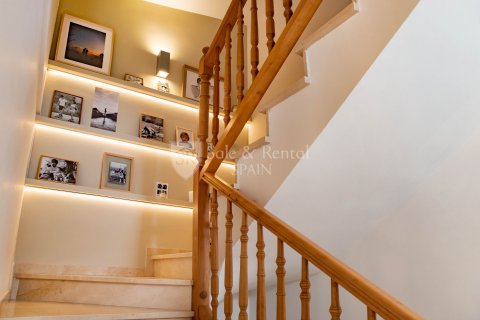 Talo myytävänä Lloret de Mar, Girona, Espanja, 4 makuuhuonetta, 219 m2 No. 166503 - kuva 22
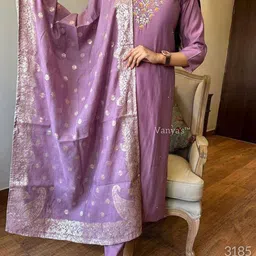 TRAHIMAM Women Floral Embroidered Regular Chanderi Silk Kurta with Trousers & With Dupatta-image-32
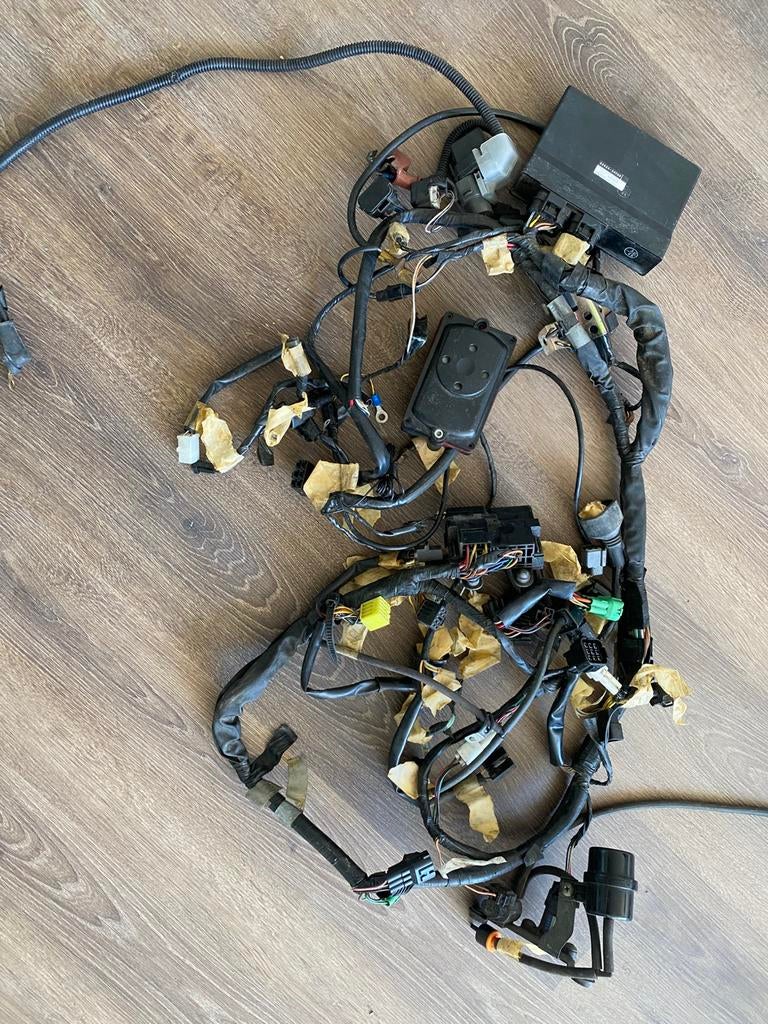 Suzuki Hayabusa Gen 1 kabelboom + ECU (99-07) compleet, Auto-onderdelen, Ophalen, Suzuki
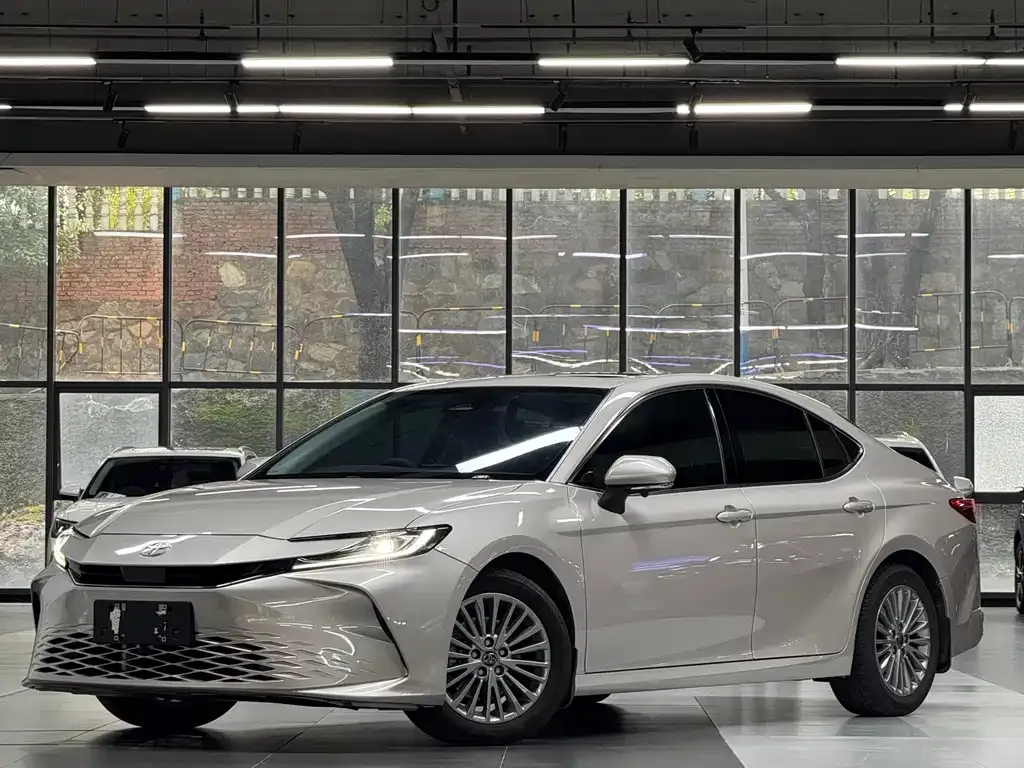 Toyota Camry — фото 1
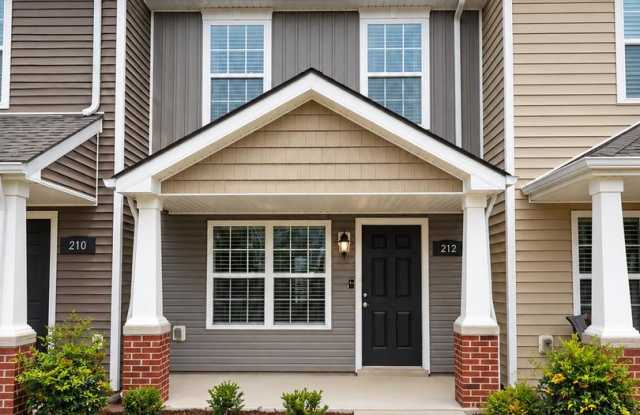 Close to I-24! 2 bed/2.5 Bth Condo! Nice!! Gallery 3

....

Write out every entry again word for word, without any of the pictures.

SOLVED PROBLEM:
 Talo myytävänä Lloret de Mar, Girona, Espanja, 4 makuuhuonetta, 219 m2 No. 166503 - kuva 22
 TRAHIMAM Women Floral Embroidered Regular Chanderi Silk Kurta with Trousers & With Dupatta-image-32
 Suzuki Hayabusa Gen 1 kabelboom + ECU (99-07) compleet, Auto-onderdelen, Ophalen, Suzuki
 Toyota Camry — фото 1
 Close to I-24! 2 bed/2.5 Bth Condo! Nice!! Gallery 3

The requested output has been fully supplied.